Foi um “privilégio, uma honra e uma esplêndida oportunidade” traduzir Cervantes, declarou Grossman, diante das 250 pessoas que lotavam o auditório. Ele é um escritor de espírito moderno e a abordagem utilizada no projeto foi semelhante à que ela utiliza para traduzir autores contemporâneos.
A linguagem não era incompreensível ou arcaica quando Cervantes escreveu a obra, explicou Grossman, por isso ela usou “inglês da vida real” na tradução, embora às vezes tivesse de recorrer a notas de rodapé para esclarecer referências pouco evidentes. O inglês mudou muito mais do que o espanhol ao longo dos séculos, disse ela, tornando Shakespeare mais difícil de ler para os falantes de inglês do que Cervantes para os leitores de língua espanhola.
A experiência humana permanece basicamente a mesma, ressaltou, apenas as “superfícies” variam de um local para outro e entre diferentes épocas. Veja-se, por exemplo, a amizade entre Don Quixote e seu fiel escudeiro Sancho Pança, ou a crueldade do duque e da duquesa que os humilham. Essa experiência humana compartilhada, disse Grossman, é o que nos permite responder a uma obra antiga e traduzi-la para um outro idioma.
Para criar a ponte através da “distância temporal” entre o século XXI e o mundo de Cervantes, Grossman apoiou-se em seus estudos universitários sobre o Século de Ouro espanhol, mas teve dúvidas, a princípio, se isso seria suficiente. Em suas traduções anteriores, tinha o costume de consultar pessoas da mesma região do autor com que estava trabalhando, e mesmo os próprios autores, porém desta vez se encontrava sozinha. Duas fontes mostraram-se de valor inestimável: as anotações de Martín de Riquer em sua edição do Don Quixote —a que ela usou — e um dicionário espanhol-inglês do século XVII que lhe foi enviado por um amigo.
A chave para qualquer tradução literária, disse ela, é “ouvir” o que um autor está dizendo e começar a “falar” com ele — não necessariamente “em uníssono, mas em harmonia”, tentando alcançar aquele “ponto afortunado em que consigo entrar na cabeça do autor”.

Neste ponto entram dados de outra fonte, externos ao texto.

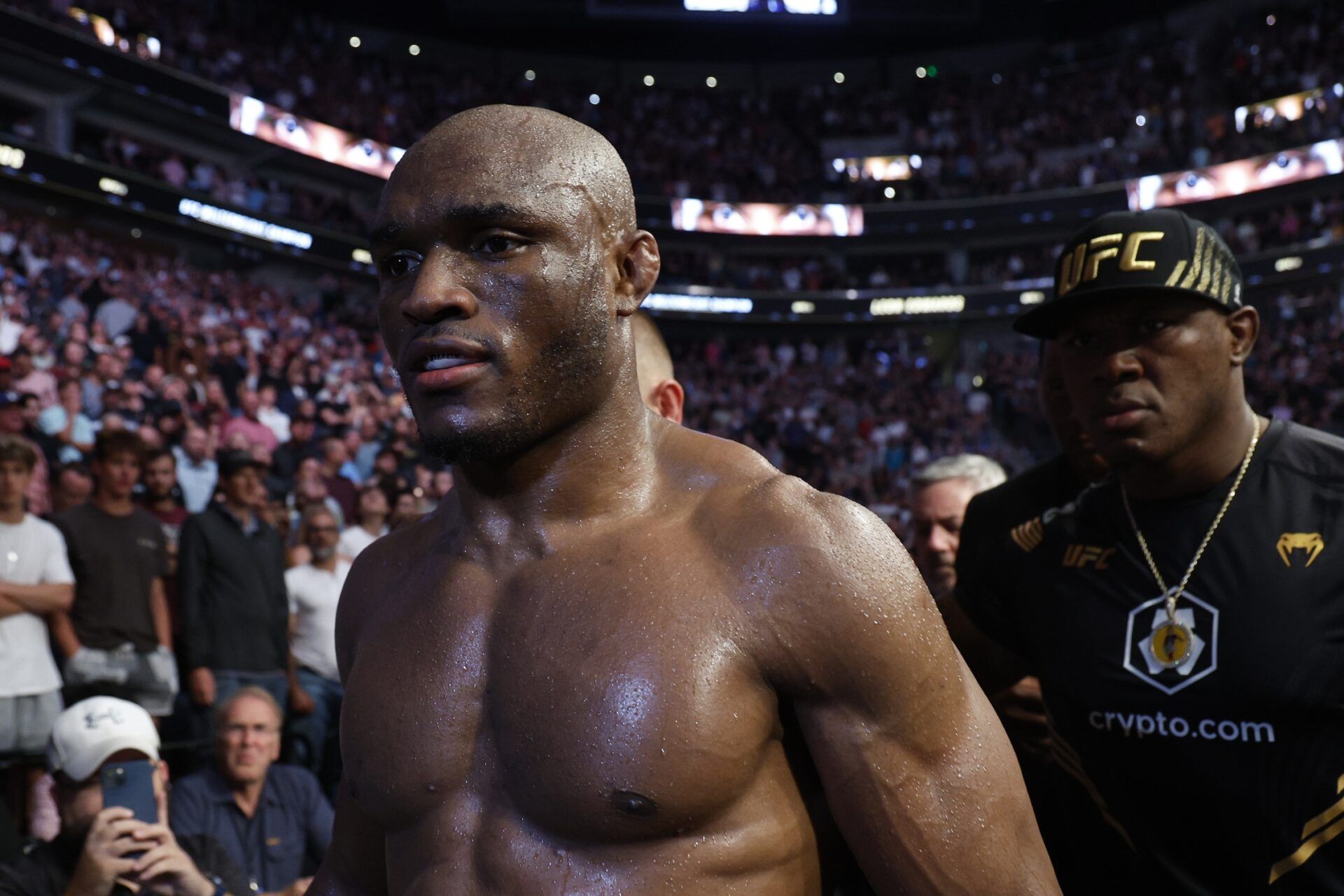 Kamaru Usman (red gloves) leaves the arena after being defeated by Leon Edwards (blue gloves) during UFC 278 at Vivint Arena.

Grossman discutiu a “ingrata” profissão do tradutor em detalhe, condenando o desprezo com que é tratada pela indústria editorial e insistindo em que o ofício é verdadeiramente “decente, honroso e possível”. O ideal nessa “tarefa utópica” é a fidelidade, explicou, alertando porém que fidelidade não deve jamais ser confundida com tradução literal.
Os idiomas recusam-se a ser regulados, disse ela. Eles transbordam dos dicionários “em perpétua rebelião”. Na tradução, a dificuldade é ampliada pelo fato de que o segundo idioma é “tão recalcitrante quanto o primeiro”. A meta é obter no segundo idioma o mesmo efeito, o mesmo ritmo do original.
O contexto é a chave para isso, insistiu. “O significado de uma passagem quase sempre pode ser comunicado, mas as palavras quase nunca”. O tradutor deve fazer uma atenta leitura crítica; conhecer, sentir e intuir o significado; e depois reescrever o texto e o contexto. Em outras palavras, o tradutor atua mais como um criador do que como um transmissor do texto, é a “ponte viva que une dois mundos”.
“Eu quis criar uma tradução de Don Quixote que pudesse ser lida com prazer”, para que os leitores de língua inglesa compreendessem por que o romance é considerado uma obra-prima. A julgar pelas resenhas e pelas vendas, ela atingiu o seu objetivo.